Drawing a stark comparison between incomes and expenditure of Indian citizens, finance minister Arun Jaitley in the Union budget speech implied that tax evasion is a serious problem in the county. He said, “The number of people showing income more than Rs50 lakh in the entire country is only 1.72 lakh. We can contrast this with the fact that in the last five years, more than 1.25 crore cars have been sold, and number of Indian citizens who flew abroad, either for business or tourism, is 2 crore in the year 2015. From all these figures we can conclude that we are largely a tax non-compliant society.”
And the government intends to tackle this by the implementation of the goods and services tax (GST). While draft GST rules on various aspects aim to bring in more transparency; maintaining records of different entities involved in every transaction appears quite tedious. It also means higher cost of compliance.
Apart from that, working capital requirements for manufactures would soar too because both companies and distributors will have to pay GST at the time of dispatch of stock even if supplied to own warehouses, and subsequently claim credit on the input tax so paid. The input tax credit mechanism will entirely be online and real time. Therefore, it would pinch small and medium enterprises (SMEs) the most.
“The way the law is stated today, cost of compliance is not just going to go high; small and medium businesses are going to be in deep trouble. Linkage of input tax credit to payment of supplier tax is very dangerous for the small business community and therefore for a very large part of the economy,” said Tejas Goenka, executive director at Tally Solutions.
Also, since uploading of each invoice has to be done on a regular basis, an accountant may have to be designated for this purpose, which small businesses may not be able to afford, added some tax experts.
For smooth transition, a slew of accounting and tax firms have been operating as licensed GST Suvidha Providers. They will help businesses to comply better with GST processes and depending on the kind of product or service for which assistance is required, charges will be levied. “The charges range from Rs500-5,000 depending on the kind of service and for small companies incurring such expenditure may hurt their margins. As far as service providers are concerned, decentralized registration will be an additional cost burden for them,” said S.S. Gupta, editor at Taxmann.
According to a recent channel check by Edelweiss Securities Ltd, while large consumer goods companies are GST-ready with IT systems in place, the scenario with other stakeholders, i.e. distributors and wholesalers, is completely different.
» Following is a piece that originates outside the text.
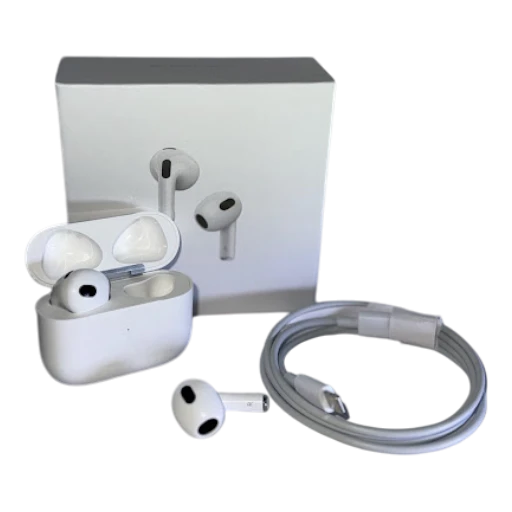 whatsapp image 2025 11 03 at 16.17.38 (4)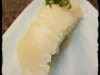Sushi_Tsukiji_053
Many wholesalers are currently outside the tax bracket and a few are improving their margins solely by way of tax evasion, so some pushback is anticipated from their end, said the brokerage house.
But since wholesale constitutes 35-45% of overall trade in India, Edelweiss expects large consumer goods firms to encourage wholesalers to come into the organized sector. “This could push up overall distribution costs of companies, which in our view should not be more than 50-60 basis point and will be a one-time exercise as the same can be easily passed on to consumers,” added the Edelweiss report.
While it remains to be seen to what extent tax evasion reduces in the GST era, compliance cost is sure to rise.